Una seconda considerazione: la delusione dei giovani che, dopo avere compiuto il proprio percorso formativo, non trovano sbocchi adeguati a livello professionale, sta diventando un fenomeno europeo. È senz’altro la spia di una grave difficoltà delle istituzioni rappresentative a collegarsi con istanze e malesseri della società. Alle problematiche dell’”intasamento” del rapporto tra rappresentanti e rappresentati, fino ad oggi, è stata data una risposta soprattutto in termini di semplificazione dei meccanismi di rappresentanza. Nei sistemi di governo locale, ciò è stato attuato attraverso un processo di concentrazione dei poteri decisionali in un’autorità monocratica, con una marcata assenza di contrappesi istituzionali; a livello nazionale, leggi elettorali volte ad una forzata semplificazione dello schieramento politico, hanno condotto la pur condivisibile esigenza di stabilità degli esecutivi al punto di mortificare la dialettica del governo parlamentare, per alimentare una riforma istituzionale implicita, basata sul rapporto diretto tra leadership e corpo elettorale che, portata ai suoi estremi, ha coartato il pluralismo politico senza apportare alcun vantaggio alla speditezza e all’efficacia dell’azione di governo.

Abbiamo tutti bisogno di un’agenda del cambiamento: il condivisibile appello ad occuparsi dei problemi concreti del Paese richiede però che essi siano definiti con chiarezza, e che non si cada nell’equivoco per cui i bisogni “concreti” sono soltanto quelli immediatamente percepiti come tali.

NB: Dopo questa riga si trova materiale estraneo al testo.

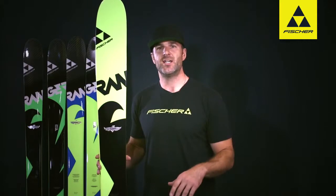Part of that's due to the sandwich sidewall construction and full beech core, so again, really durable ski — it's really going to grip and rip when you get it up high on edge angle.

Nel lungo periodo, la democrazia, in Italia, come in Europa, si deve misurare con le problematiche della cittadinanza e della rappresentanza, se intende fondare la propria credibilità anche dimostrando di essere il sistema politico più idoneo ad assicurare il godimento del maggior numero dei beni primari, materiali ed immateriali, al maggior numero di persone.